*Data to process*:
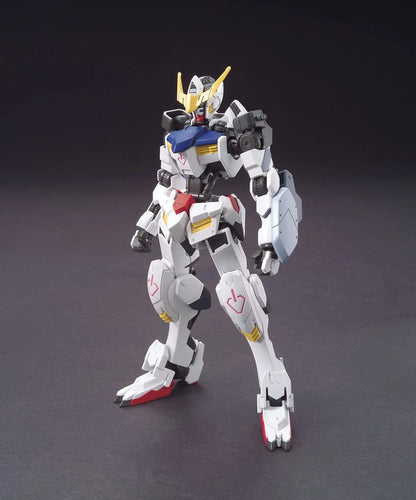 HG Barbatos 1/144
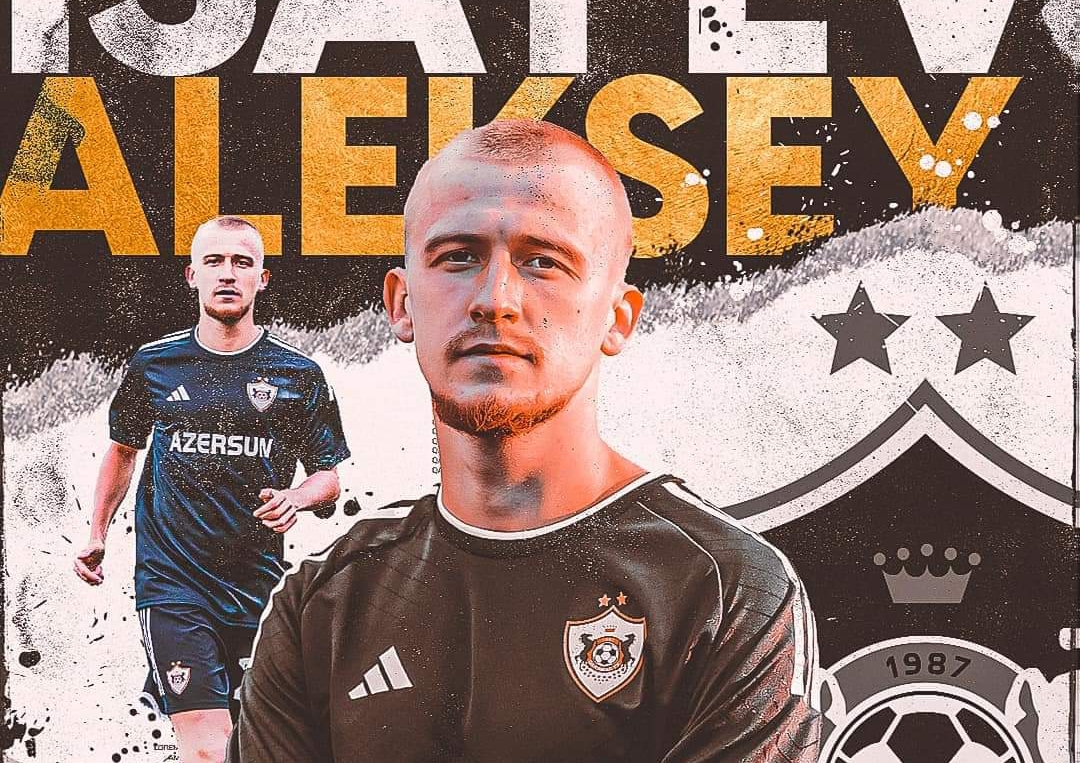 “Qarabağ”dan növbəti transfer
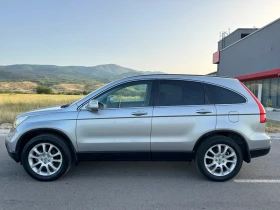 Honda Cr-v 2.0 i-VTEC / LPG / EXECUTIVE / AVTOMAT / KOJA | Mobile.bg    4
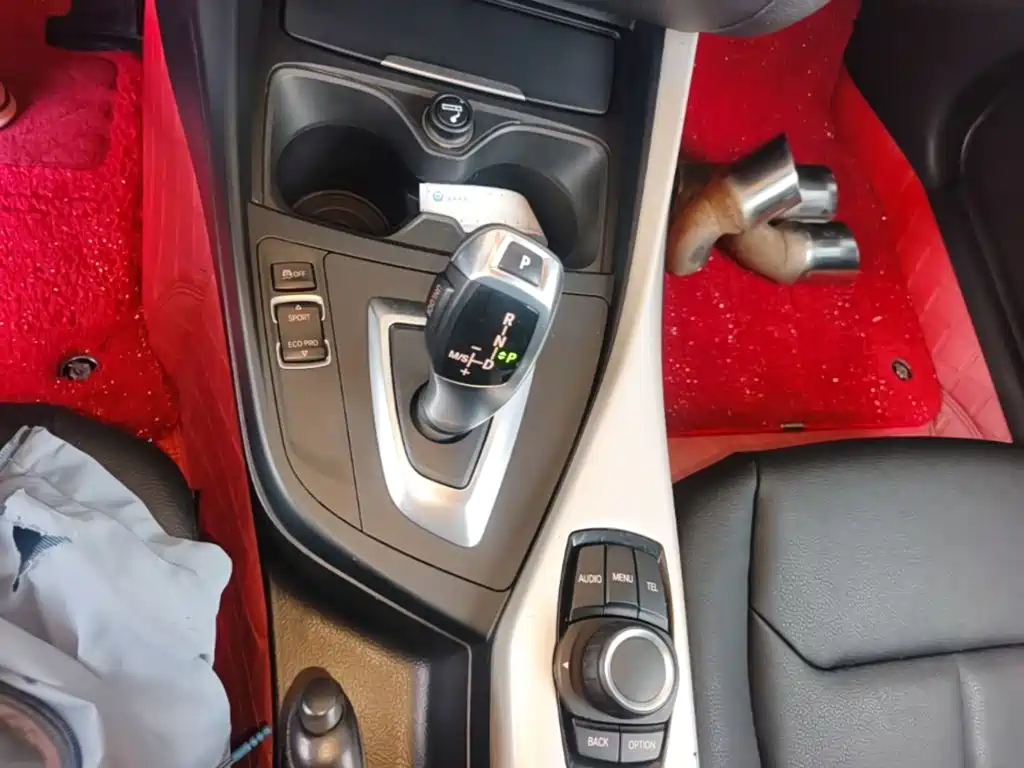 BMW 2 Series (Import) — миниатюра 14
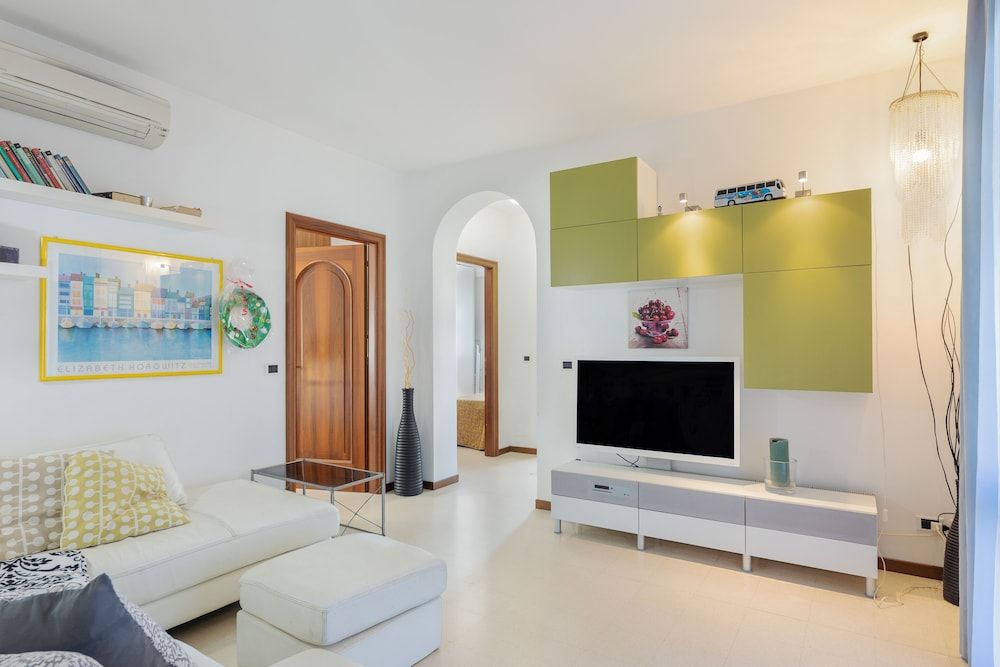 Villetta Gaia Apartment — 4-Star Luxury Hotel in Rimini, Italy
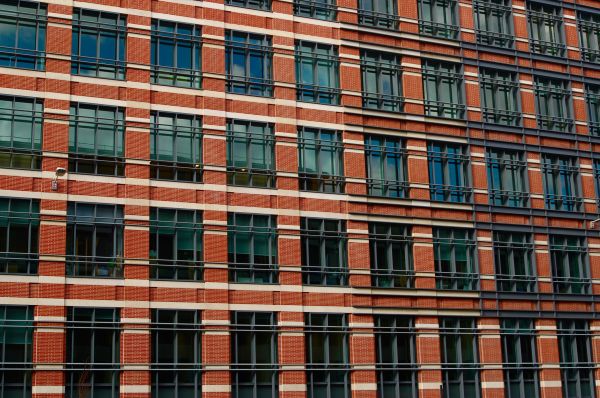 Commercial Brickwork in Livonia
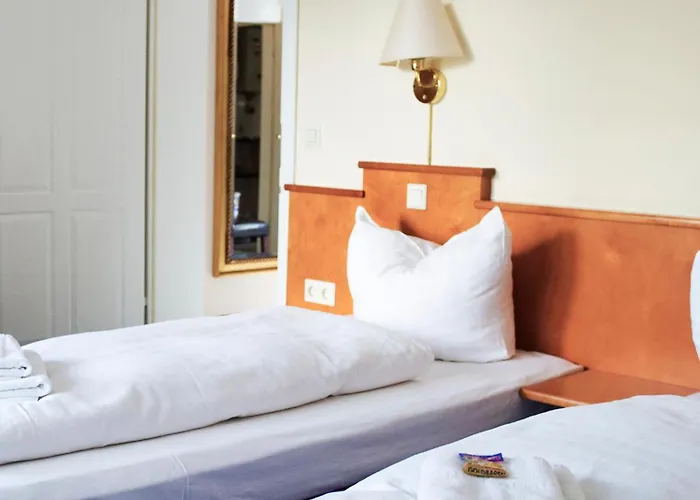 Hotel Boutique Stockum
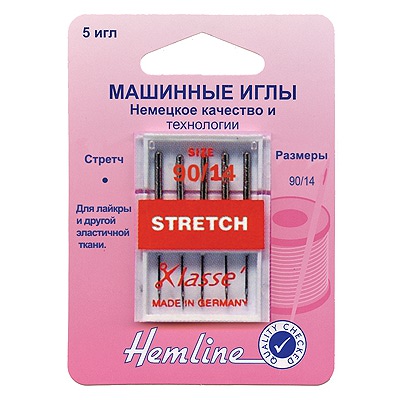  Hemline     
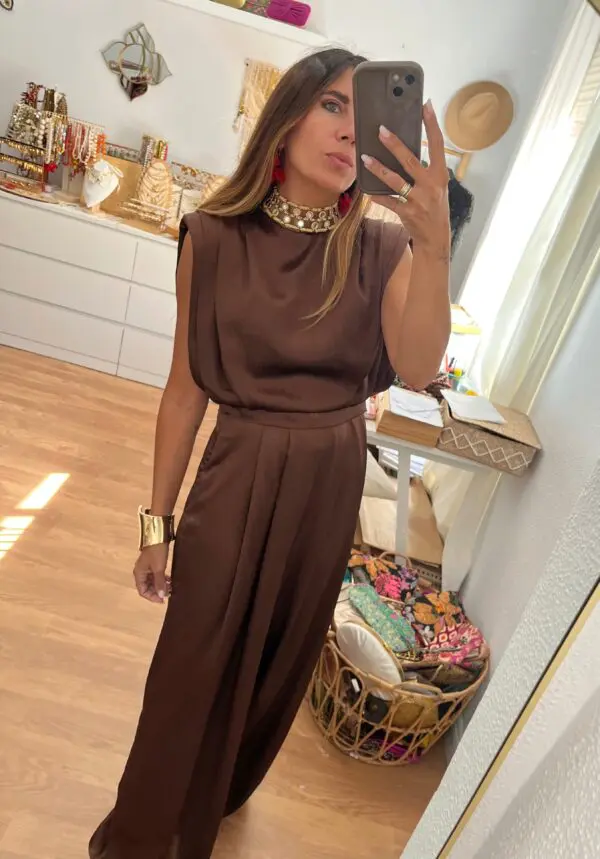 Conjunto noon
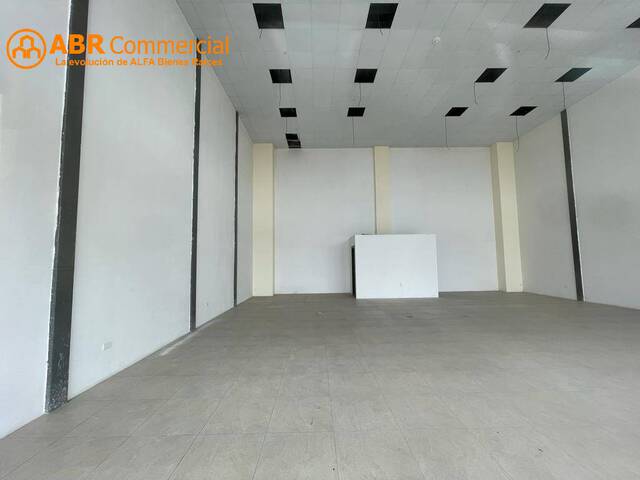 #4701 - Local Comercial para Venta en Durán - G - 3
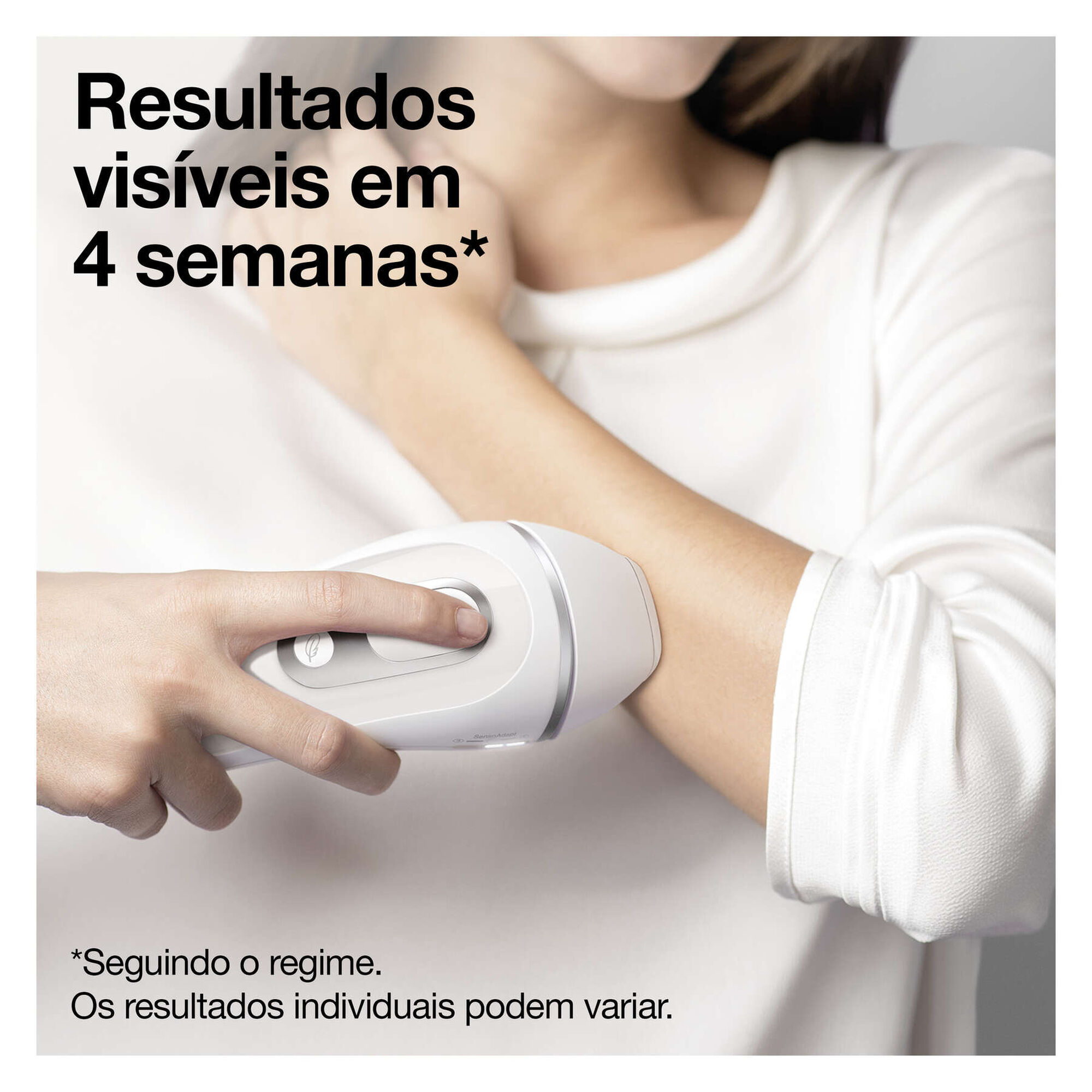 Silk Expert Pro 3 S3 PL3122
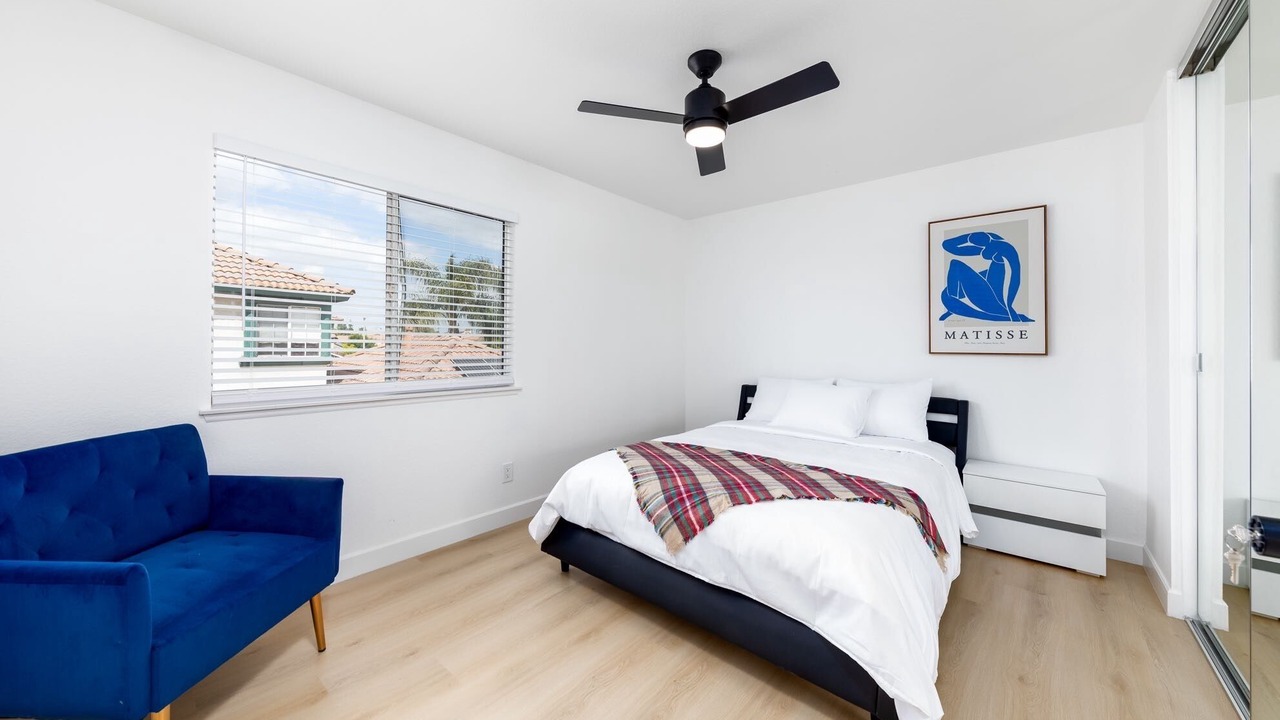 Photo of Bedroom in Ontario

*What the task asks*:
Please restate exactly the lines from the one containing "#4701 - Local" down to the end of the material, both ends kept, and do not include the pictures.

*Exercise output*:
 #4701 - Local Comercial para Venta en Durán - G - 3
 Silk Expert Pro 3 S3 PL3122
 Photo of Bedroom in Ontario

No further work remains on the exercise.